Flood of alerts

This forum was archived to /woltlab and is now in read-only mode. Please register a new account on our new community platform.

You can create a thread on the new site and link to an archived thread. This archive is available as knowledge base, safe and secured.

More details here.
  • Lately we have been seeing this behavior where Icinga throws flood of alerts now and then. We have one single instance running for now.

    Checking error logs around the time when alerts were thrown, it seems there are error messages similar to "exited with error code 128". At the same time we received check_load critical on that icinga server.

    Load : Additional Info: CRITICAL - load average: 18.85, 12.01, 5.95

    Version and Platform details:

    icinga2 - The Icinga 2 network monitoring daemon (version: r2.6.0-1)

    System information:

    Platform: Ubuntu

    Platform version: 14.04.5 LTS, Trusty Tahr

    Kernel: Linux

    Kernel version: 3.13.0-53-generic

    Architecture: x86_64

    Build information:

    Compiler: GNU 4.8.4

    Build host: lgw01-16

  • Also seeing this errors:

    ERROR: Executed command exits with return code '7'

    NPCD[1300]: ERROR: Command line was '/usr/lib/pnp4nagios/libexec/process_perfdata.pl -n -b /var/spool/icinga2/perfdata/service-perfdata

  • it seems there are error messages similar to "exited with error code 128"

    Are these errors limited to the call of a single plugin, a type of plugins (e.g.

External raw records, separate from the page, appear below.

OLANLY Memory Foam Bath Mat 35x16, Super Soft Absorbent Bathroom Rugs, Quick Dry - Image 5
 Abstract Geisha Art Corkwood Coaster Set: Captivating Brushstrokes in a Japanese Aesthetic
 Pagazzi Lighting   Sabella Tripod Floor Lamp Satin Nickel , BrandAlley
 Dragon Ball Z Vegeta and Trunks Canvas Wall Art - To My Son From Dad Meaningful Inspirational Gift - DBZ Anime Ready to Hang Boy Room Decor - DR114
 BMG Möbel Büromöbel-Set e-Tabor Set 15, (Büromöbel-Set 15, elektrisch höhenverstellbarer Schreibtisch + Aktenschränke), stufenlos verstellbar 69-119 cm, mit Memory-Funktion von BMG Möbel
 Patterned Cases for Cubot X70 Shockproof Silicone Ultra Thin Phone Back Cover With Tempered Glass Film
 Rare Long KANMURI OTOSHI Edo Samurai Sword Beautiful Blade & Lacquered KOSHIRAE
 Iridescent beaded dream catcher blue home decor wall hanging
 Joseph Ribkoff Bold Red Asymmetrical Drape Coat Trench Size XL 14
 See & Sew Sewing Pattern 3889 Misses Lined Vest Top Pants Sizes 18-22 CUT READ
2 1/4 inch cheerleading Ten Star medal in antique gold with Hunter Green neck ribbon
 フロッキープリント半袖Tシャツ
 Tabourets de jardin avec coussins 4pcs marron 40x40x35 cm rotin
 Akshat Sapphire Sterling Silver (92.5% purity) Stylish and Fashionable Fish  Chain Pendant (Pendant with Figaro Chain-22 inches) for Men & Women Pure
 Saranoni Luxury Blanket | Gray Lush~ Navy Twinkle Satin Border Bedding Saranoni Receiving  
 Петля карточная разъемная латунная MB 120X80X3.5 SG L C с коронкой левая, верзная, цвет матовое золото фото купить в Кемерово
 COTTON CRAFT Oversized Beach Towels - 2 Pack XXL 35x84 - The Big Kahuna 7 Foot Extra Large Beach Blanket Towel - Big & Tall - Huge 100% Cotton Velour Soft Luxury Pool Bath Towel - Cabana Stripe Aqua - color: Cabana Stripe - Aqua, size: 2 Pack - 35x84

SNMP), or "general"?

    NPCD[1300]: ERROR: Command line was '/usr/lib/pnp4nagios/libexec/process_perfdata.pl -n -b /var/spool/icinga2/perfdata/service-perfdata

    Have you tried to execute this call on the command line (as Icinga2 user)?

  • General. We don't use SNMP plugin.

    My main question is why host keeps getting overloaded after few days. Have enough Processing power, memory and disk. It doesn't show any errors in syslog.

  • I'd suggest upgrading to 2.6.3 which fixed a couple of stability bugs. Other than that, I'd analyse the load in performance graphs, htop and so on.

    More hints here: https://docs.icinga.com/icinga…oting-analyze-environment

  • Vaguely recall seeing this. Does ALL your PNP graphs look ok? I would have big holes appear and then it seemed to work again.

    It was a ownership issue. I now have this line in my installer:

    chown -R icinga:icinga /var/lib/pnp4nagios